Hi everyone,
I have two columns of data with similar values, e.g., Duck, Goose, Horse, etc. I am agnostic to which column it is in, I would like to know the net change over the previous year (preferably in a heat map table).
Here is an example of what the data may look like:
Column1 | Column2 | Column3 | Column4 |
Identifier-123 | 2018 | Duck | Goose |
Identifier-123 | 2018 | Duck | Goose |
Identifier-456 | 2018 | Horse | |
Identifier-789 | 2018 | Unrelated Information |
Identifier-789 | 2018 | Unrelated Information |
Identifier-012 | 2017 | Unrelated Information | Duck |
The resulting output I expect to see:
(Duck ends up being 0 because 1 in current year minus 1 in previous year, Goose is 1 because the rows of data duplicate)
What I have tried so far is creating a calculation similar to this:
(CASE WHEN `Column3`='Duck' THEN COUNT(DISTINCT `Column1`)+COUNT(DISTINCT (CASE WHEN `Column3`<>'Duck' AND `Column4`='Duck' THEN`Column1` end))
This works great initially however it breaks down when I start to throw dates to see a year over year comparison.

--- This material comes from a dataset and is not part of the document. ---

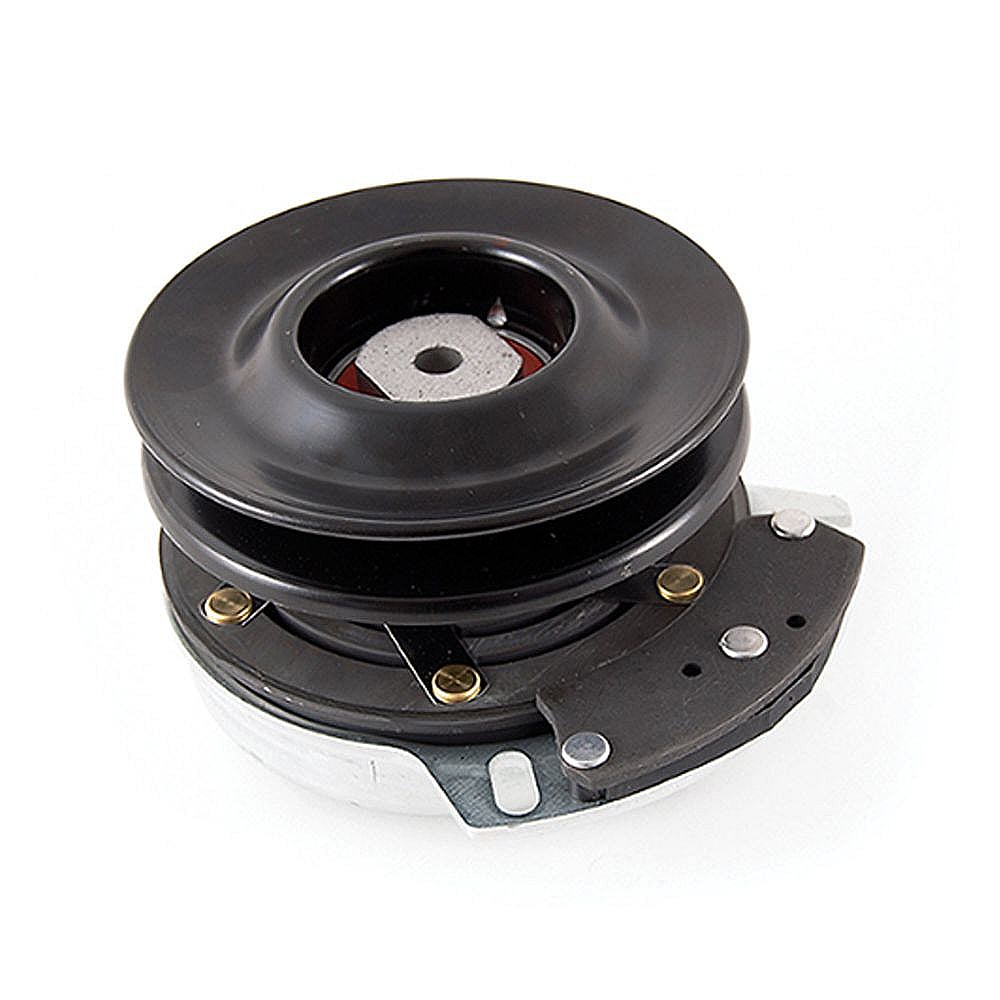 Craftsman Part #917-05192, Lawn Tractor Electric Clutch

I've tried this:
(CASE WHEN `Column3`='Duck' AND `Column2`='2018' THEN COUNT(DISTINCT `Column1`)+COUNT(DISTINCT (CASE WHEN `Column3`<>'Duck' AND `Column4`='Duck' AND `Column2`='2018' THEN `Column1` end))-(CASE WHEN `Column3`='Duck' AND `Column2`='2017' THEN COUNT(DISTINCT `Column1`)-COUNT(DISTINCT (CASE WHEN `Column3`<>'Duck' AND `Column4`='Duck' AND `Column2`='2017' THEN `Column1` end))
The calculation appears to be valid but the resulting visualization fails to load unless I list Column2 as a displayed column which breaks aggregation.
Any recommendations on how I can approach this? Expressions or operators I should look into?
In short: I need to know how many unique identifiers contained 'Ducks' this year and last year in either column and find the difference.
Thank you for any time anyone can spare, I appreciate any help or advice!